Rencontres Frontaliers

rencontres frontaliers Conformément à l’esprit de la politique “Une Chine” de notre gouvernement, les réunions frontalières entre l’Inde et la Chine dans les îles Andaman et Nicobar deviennent de plus en plus pertinentes. La République populaire de Chine a contesté les îles Andaman et Nicobar (que l’Inde appelle Panguna) pendant des années, les affirmant comme lui appartenant légitimement. Récemment, en juin de l’année dernière, le gouvernement chinois a effectué des exercices sur son île reconquise – faisant craindre que des affrontements ne se produisent à l’avenir.
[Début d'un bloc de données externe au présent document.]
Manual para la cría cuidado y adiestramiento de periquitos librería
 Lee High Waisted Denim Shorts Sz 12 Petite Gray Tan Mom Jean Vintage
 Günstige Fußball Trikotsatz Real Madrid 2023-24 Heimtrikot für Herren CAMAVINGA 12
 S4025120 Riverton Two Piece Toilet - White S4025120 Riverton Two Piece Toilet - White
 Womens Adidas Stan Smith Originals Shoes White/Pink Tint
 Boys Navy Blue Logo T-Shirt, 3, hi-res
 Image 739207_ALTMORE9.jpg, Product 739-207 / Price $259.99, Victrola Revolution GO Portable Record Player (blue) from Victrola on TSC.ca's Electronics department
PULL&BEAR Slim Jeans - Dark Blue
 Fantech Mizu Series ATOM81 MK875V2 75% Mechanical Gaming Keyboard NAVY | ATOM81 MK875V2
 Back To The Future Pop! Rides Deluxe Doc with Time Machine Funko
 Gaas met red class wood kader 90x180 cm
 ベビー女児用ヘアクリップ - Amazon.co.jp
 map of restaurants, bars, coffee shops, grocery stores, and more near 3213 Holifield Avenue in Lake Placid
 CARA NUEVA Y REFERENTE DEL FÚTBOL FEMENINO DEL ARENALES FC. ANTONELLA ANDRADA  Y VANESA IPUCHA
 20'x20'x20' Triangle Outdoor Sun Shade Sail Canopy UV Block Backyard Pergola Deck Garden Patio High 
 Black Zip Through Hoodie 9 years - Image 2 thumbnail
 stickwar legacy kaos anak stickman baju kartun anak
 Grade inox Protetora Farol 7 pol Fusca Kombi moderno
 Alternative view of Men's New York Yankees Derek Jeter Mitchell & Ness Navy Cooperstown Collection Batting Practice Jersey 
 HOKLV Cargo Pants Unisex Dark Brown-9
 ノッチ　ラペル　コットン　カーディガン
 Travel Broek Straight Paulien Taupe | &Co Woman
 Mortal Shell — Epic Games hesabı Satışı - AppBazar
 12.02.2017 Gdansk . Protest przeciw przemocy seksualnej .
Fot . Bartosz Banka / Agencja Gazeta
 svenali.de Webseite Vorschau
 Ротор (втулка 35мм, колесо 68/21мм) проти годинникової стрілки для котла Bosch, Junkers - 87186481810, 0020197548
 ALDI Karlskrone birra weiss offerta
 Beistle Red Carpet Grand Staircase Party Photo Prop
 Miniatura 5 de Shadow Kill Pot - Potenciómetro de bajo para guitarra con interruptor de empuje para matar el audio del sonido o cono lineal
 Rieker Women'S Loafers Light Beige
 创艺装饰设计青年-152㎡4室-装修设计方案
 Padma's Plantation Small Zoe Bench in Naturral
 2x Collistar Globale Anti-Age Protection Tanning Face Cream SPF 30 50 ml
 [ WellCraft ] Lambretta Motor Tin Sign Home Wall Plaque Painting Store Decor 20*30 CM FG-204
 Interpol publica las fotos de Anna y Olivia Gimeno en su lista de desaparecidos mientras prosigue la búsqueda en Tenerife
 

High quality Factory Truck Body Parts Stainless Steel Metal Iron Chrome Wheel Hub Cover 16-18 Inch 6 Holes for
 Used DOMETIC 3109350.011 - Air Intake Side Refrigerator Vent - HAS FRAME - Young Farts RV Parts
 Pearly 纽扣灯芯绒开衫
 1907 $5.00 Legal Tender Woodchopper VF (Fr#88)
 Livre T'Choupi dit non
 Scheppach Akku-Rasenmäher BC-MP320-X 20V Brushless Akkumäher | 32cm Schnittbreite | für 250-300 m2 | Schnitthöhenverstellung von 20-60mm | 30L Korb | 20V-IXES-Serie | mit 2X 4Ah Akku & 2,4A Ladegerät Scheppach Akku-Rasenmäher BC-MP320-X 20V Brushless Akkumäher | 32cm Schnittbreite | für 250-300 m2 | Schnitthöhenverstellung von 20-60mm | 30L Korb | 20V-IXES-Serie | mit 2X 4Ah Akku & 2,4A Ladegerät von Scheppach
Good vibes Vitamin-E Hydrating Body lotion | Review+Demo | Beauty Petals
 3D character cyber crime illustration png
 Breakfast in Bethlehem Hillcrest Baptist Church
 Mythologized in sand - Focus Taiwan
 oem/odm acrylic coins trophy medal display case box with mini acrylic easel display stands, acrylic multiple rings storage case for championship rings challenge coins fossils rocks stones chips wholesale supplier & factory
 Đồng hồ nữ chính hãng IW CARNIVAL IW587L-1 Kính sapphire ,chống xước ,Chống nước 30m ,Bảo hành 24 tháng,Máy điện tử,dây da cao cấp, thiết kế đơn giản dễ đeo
Les responsables indiens pensent que les îles appartiennent à l’Inde. Désormais, les États-Unis sont intervenus pour servir de médiateur entre les deux gouvernements, des responsables des deux pays s’exprimant lors d’une réunion à Washington DC ce mois-ci.

Les États-Unis estiment que les deux parties peuvent parvenir à une entente commune sur toutes les questions, y compris: les différends territoriaux, les droits de l’homme, le commerce et autres. Il y avait aussi de bonnes affaires à la frontière récemment, avec des pêcheurs rentrant de leurs longs voyages et des touristes réservant des chambres à l’hôtel des deux côtés du détroit. Du côté indien, il a été rapporté que les infrastructures à la frontière s’amélioraient – mais il est difficile de dire si cela est dû au partenariat économique américano-indien ou simplement à la détérioration de la situation sécuritaire. Les îles Andaman et Nicobar se révélant de plus en plus hostiles à la Chine, l’Inde doit envisager ses options pour traiter avec les Chinois, tandis que les États-Unis doivent examiner comment ils peuvent aider à étouffer l’expansion chinoise dans le golfe du Bengale.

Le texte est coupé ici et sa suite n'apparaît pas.